■ Data ■
--- START ---

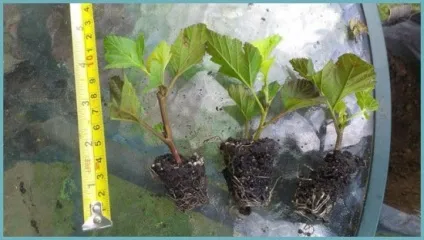 Міхуроплідник посадка догляд і вирощування сортів їх хвороби і добрива, розмноження і фото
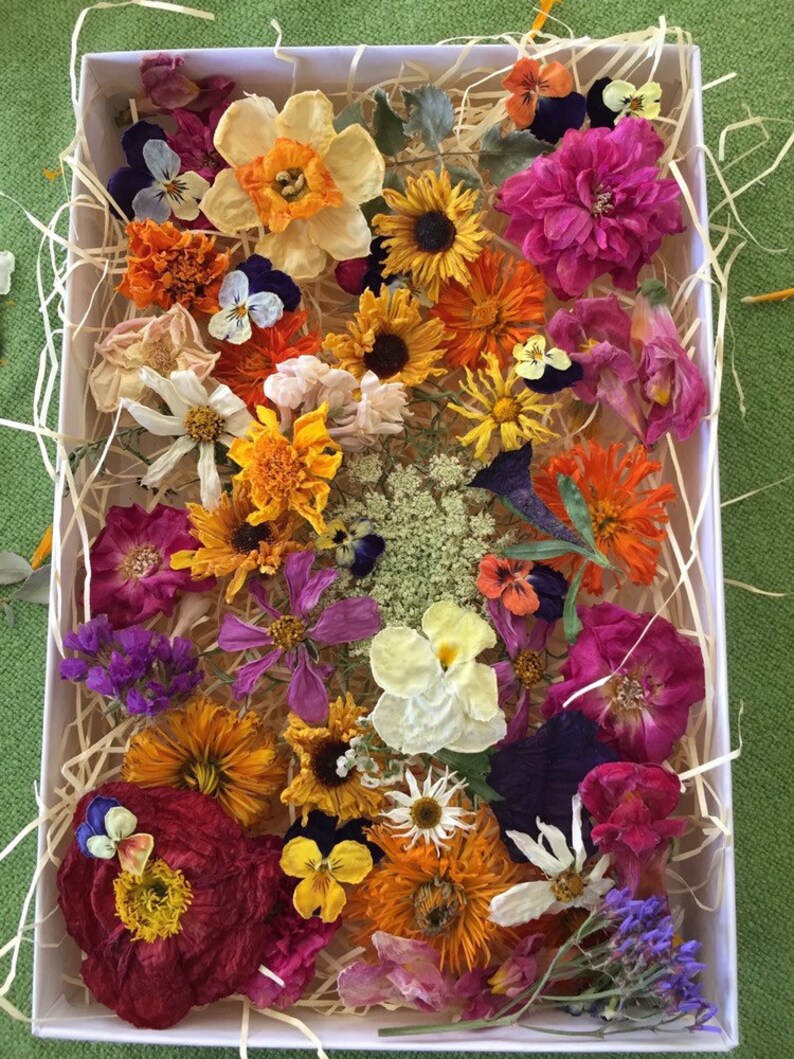 Dried Flowers Wedding Confetti Dry Wildflowers Craft Etsy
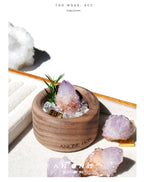 South African Cactus Crystal & Greenery Ornament-118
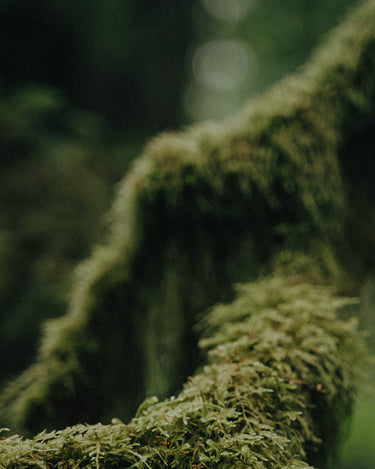 Ode Ona Dawn Earth Eau de Parfum at Stéle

--- END ---

■ Your goal ■
Every line from the line containing "South African Cactus" through the last line above is to be printed exactly. Pictures are not copied.

■ Solution ■
 South African Cactus Crystal & Greenery Ornament-118
 Ode Ona Dawn Earth Eau de Parfum at Stéle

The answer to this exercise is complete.